Barker, a Democrat seeking his third term in the Washington County's House District 28 seat, is one of only two Democrats in the Republican-controlled House in 2005 to lead a subcommittee.
He earned the Republican leadership's respect, Barker said, by being open, honest and avoiding petty disputes.
'I'm not into the real petty stuff,' said Barker, a 63-year-old retired Portland Police Bureau lieutenant.
'The suburban districts are much more moderate than Portland, so the people who represent them have to be more moderate.'
Republican Eldon Derville-Teer, 37, of Aloha, is challenging Barker in the race. Derville-Teer owns a coffee shop in Newberg, is a salesman for an industrial tool company and has worked in television sports production.

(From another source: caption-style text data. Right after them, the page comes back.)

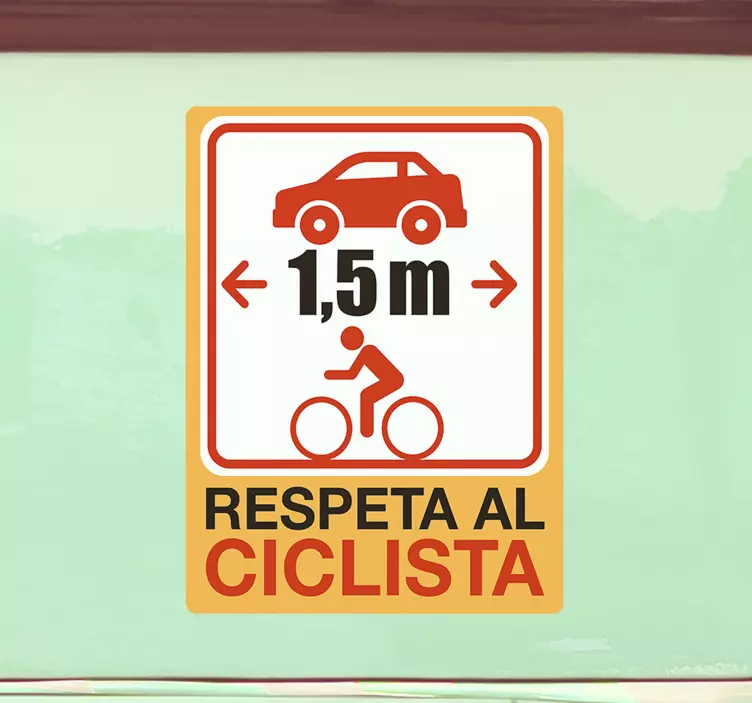 Pegatina coche distancia seguridad ciclista - TenVinilo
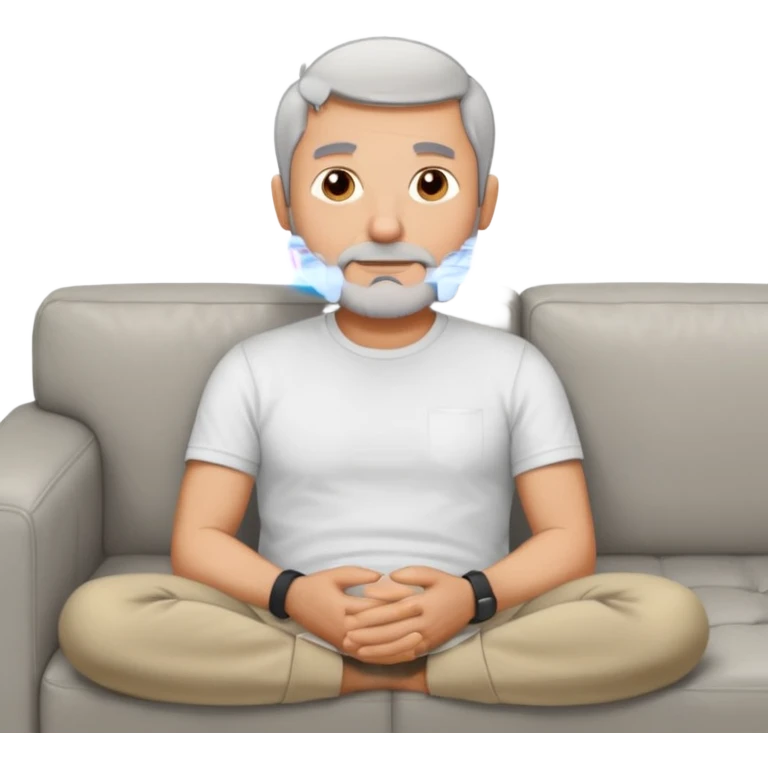 a 50 yo man short grey hair stubble beard laying on a ottoman of a light grey cord couch emoji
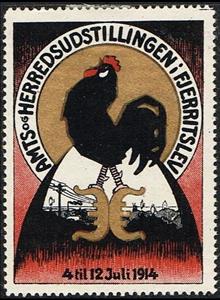 Stamp, Fjerritslev Amts Og Herredsudstillingen 4 Til 12 Juli 1914, Cinderellas,  , Animals (Fauna), Birds, Expositions, Roosters and Chickens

His priorities in the Legislature would be comprehensive immigration reform and putting more money into the criminal justice system.
(Derville-Teer skipped a scheduled interview with the Valley Times.)
House District 28 stretches along the Tualatin Valley Highway from Southwest Lombard Avenue east to 209th Avenue and south to Gassner Road.
Barker has raised about $16,000 in the campaign. Derville-Teer has pledged to not raise or spend more than $2,000 in the race.
Barker said his bipartisan efforts led House Speaker Karen Minnis to make him chairman of the House Judiciary Committee's subcommittee on criminal law. He also has worked across party lines to get approval of an Oregon version of Jessica's Law.
He also was able to convince enough Republicans to go along in his first term with a bill giving rape victims emergency day-after contraceptive. The bill took a lot of lobbying, but it passed because Barker pushed for the victims.
'It wasn't about me,' Barker said. 'I wanted to move this bill out. I cared more about the rape victims than the politics.'
If he is re-elected, Barker hopes to promote stable funding for schools and a stable tax system for the state's general fund budget, work on expanding health care to the uninsured and continue pushing for tougher drunk driving penalties.